The construction is made with load-bearing masonry walls and CLT and CLT-MIX slabs (large-format cross-laminated wood panels). We could talk again about the hygrothermal qualities of wood, its low carbon footprint, the inertia provided by the polished concrete floor, or the fact that the house's energy demand is below the Passivhaus standard. All of that is there, but it is not what we are interested in explaining. If you want to delve deeper into these topics, you can read our blog or other published projects.
This time, we prefer to talk about the virtues of having a courtyard inside the house. A courtyard with an awning that regulates sun exposure and allows for a microclimate of maximum comfort in both winter and summer, like a Cordoban patio. Notice that each area has windows to the exterior and, at the same time, windows to this interior bioclimatic courtyard.
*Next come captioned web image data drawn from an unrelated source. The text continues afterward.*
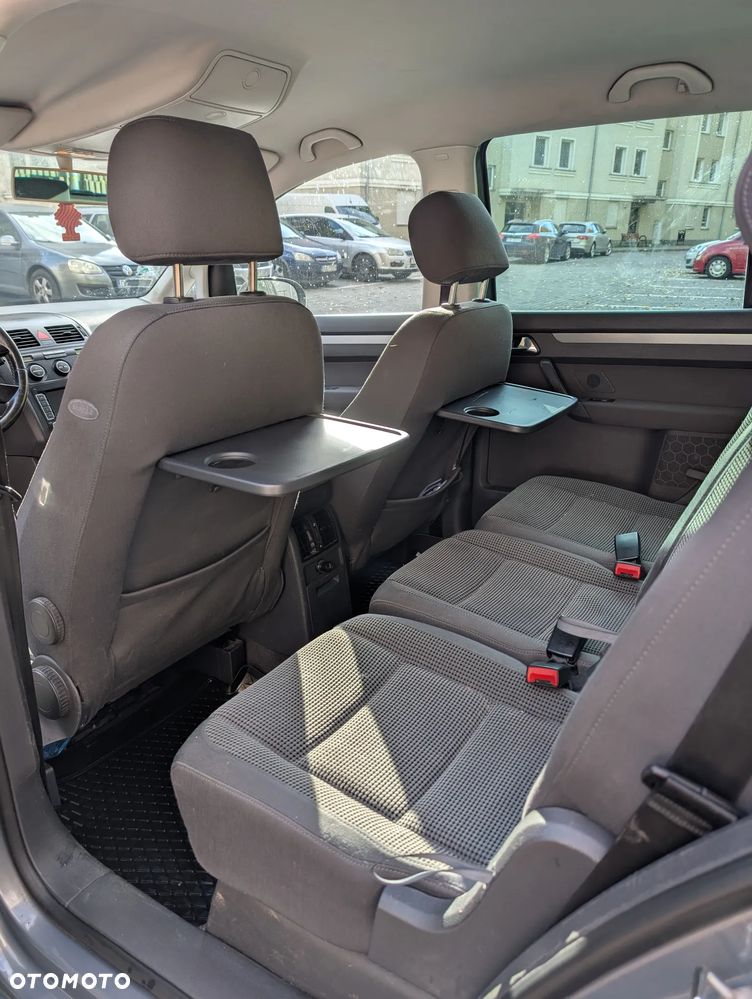 Volkswagen Touran 1.9 TDI Trendline - 10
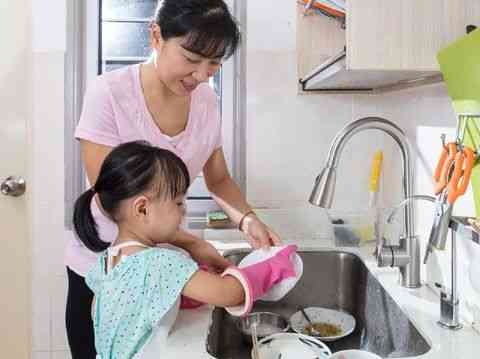 contoh-orang-tua-yang-baik-62eb803108a8b560183d1fb4.jpg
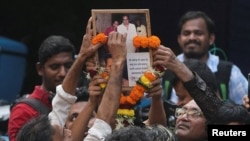 هواداران درمندرا در بمبئی پس از اعلام خبر درگذشت او در روز سوم آذر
Standard-sized windows that, together, become a gesture in memory of the cloisters of immemorial buildings.
We prefer to talk about a master bedroom with an unconventional bathroom and dressing room with access to the terrace and views of the garden and the courtyard. Waking up every morning in this space is a good way to start the day well.
We prefer to explain that the children's bedrooms are connected to each other and open to a common space that is now a play area and will later be their study. When the children are older, the rooms can be separated, but they will maintain the shared study with access to the courtyard, and the peace transmitted by the tree will help them concentrate.
We prefer you to notice that the house's vestibule is located between the staircase and the courtyard and that, symbolically, it incorporates a bench to take off your shoes and go barefoot.
We prefer you to look at the custom-made sofa with leftover pieces from the wood panels and how it adapts to the courtyard windows, generating storage corners for books and a place to charge the mobile phone.
We prefer you to see the porcelain luminaires that come from Sweden (Ifö elèctric), elegant, timeless, and almost unnoticeable.
We prefer to enjoy the pool and a garden where Lippia nodiflora has been planted, replacing the green plastic deserts of other developments.
We could talk about more hidden tricks in every decision and every detail we have designed. They are not magic tricks, but a desire to do things well. But, for now, we will not explain everything; we will do it later.